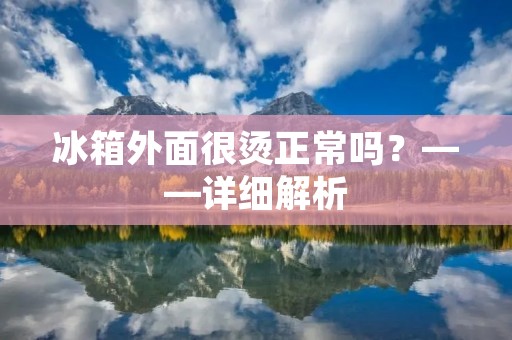 冰箱外面很烫正常吗?——详细解析 冰箱外面很烫正常吗?——详细解析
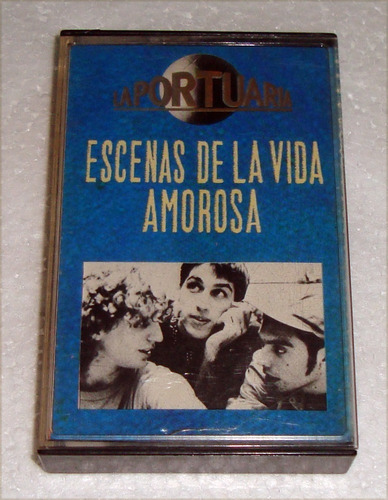 La Portuaria Escenas De La Vida Amorosa Cassette / Kktus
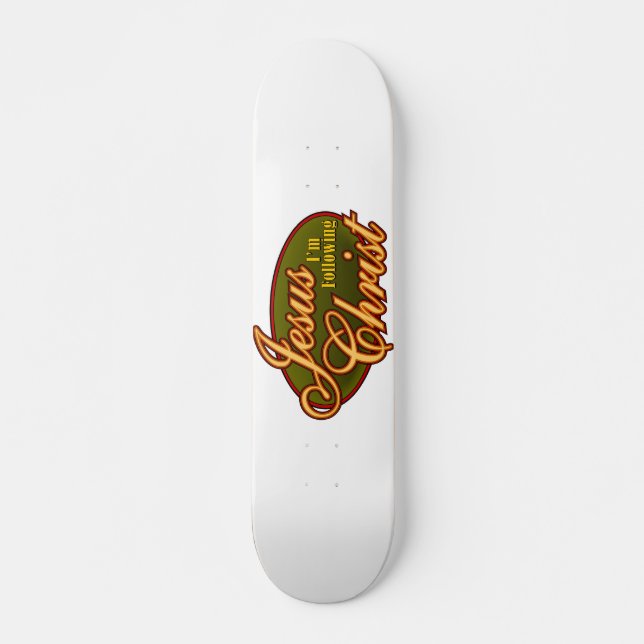 Skateboard Estoy siguiendo Jesucristo (Anverso )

==================================================

Exercise
Pictures excluded, output exactly the line that contains "La Portuaria Escenas" and every line after it to the end of the data above.

Completed exercise
 La Portuaria Escenas De La Vida Amorosa Cassette / Kktus
 Skateboard Estoy siguiendo Jesucristo (Anverso )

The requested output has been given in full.